Export, Format, & Import Elasticsearch Data

Cover Image for Export, Format, & Import Elasticsearch Data

Leveraging production grade Elasticsearch data in a localized environment mitigates risks associated with testing queries and reindexing. Despite the use case, bulk exporting from Elasticsearch isn't as straightforward as one might expect. This post expands upon a reasonable approach to exporting Elasticsearch data, formatting the output, and importing the result into a local Elasticsearch Docker instance.

Exporting Elasticsearch data

Dejavu, "The missing Web UI for Elasticsearch," provides easy to use Elasticsearch data export functionality. Depending upon the sensitivity of your data, you can use the public site or check out the contributing guidelines to run the app locally.

Once connected to your target Elasticsearch instance, export as JSON to download your data.

Formatting Exported Data for Import

After downloading a dump of your targeted Elasticsearch instance's data, we need to format the data for import into our local Elasticsearch Docker instance.

As the JSON format exported from Dejavu may not be in the correct JSON format, use module.exports to expose the Elasticsearch data as an array of objects and update the file extension to .js.

dejavuExport.js

modules.exports = [
  { ... Dejavu Export }
]

Then, use this script, or an alteration thereof, to format the Dejavu export into a data binary consumable by Elasticsearch.

const fs = require('fs')
const dejavuExport = require('./dejavuExport)
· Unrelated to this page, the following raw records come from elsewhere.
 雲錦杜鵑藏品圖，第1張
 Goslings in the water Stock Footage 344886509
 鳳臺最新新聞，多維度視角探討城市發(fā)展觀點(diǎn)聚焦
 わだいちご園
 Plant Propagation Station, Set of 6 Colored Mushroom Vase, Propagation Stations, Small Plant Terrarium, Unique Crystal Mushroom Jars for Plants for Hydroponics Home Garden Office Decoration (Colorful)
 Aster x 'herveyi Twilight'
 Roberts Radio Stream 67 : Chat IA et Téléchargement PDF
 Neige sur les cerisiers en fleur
async function appendRecord(record, index) {
  const recordIndex = `{"index":{"_id":"${ index }"}}`
  const input = `${ recordIndex }\n${ JSON.stringify(record) }\n`

  return new Promise((resolve, reject) => {
    fs.appendFile('./output.json', input, (err) => {
      if (err) {
        reject(err)
      }

      resolve()
    })
  })
}

async function formatBinary() {
  dejavuExport.reduce(async (prevPromise, record, index) => {
    await prevPromise()
    return appendRecord(record, index)
  }, Promise.resolve())
}

formatBinary()

Running Elasticsearch with Docker

First, pull the desired Elasticsearch version. Here's a list of the available ES versions.

docker pull docker.elastic.co/elasticsearch/elasticsearch:7.0.0

Then, run it

docker run -p 9200:9200 -p 9300:9300 -e "discovery.type=single-node" docker.elastic.co/elasticsearch/elasticsearch:7.0.0

And create a new index

curl -X PUT "localhost:9200/__my_new_index__?pretty"
curl -X GET "localhost:9200/_cat/indices?v"
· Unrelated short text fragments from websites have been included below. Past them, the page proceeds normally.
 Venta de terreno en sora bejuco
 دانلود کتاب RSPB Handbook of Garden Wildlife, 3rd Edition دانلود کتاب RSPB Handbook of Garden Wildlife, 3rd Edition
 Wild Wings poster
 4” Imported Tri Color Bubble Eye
Bulk Import Data into Elasticsearch

curl -H "Content-Type: application/json" -XPOST "localhost:9200/__my_new_index__/_bulk?pretty&refresh" --data-binary @output.json

Use the Elasticsearch Bulk API to import the formatted output.json into your local Docker Elasticsearch instance. After running the following, your local Docker Elasticsearch instance's new index should contain all of your previously exported data.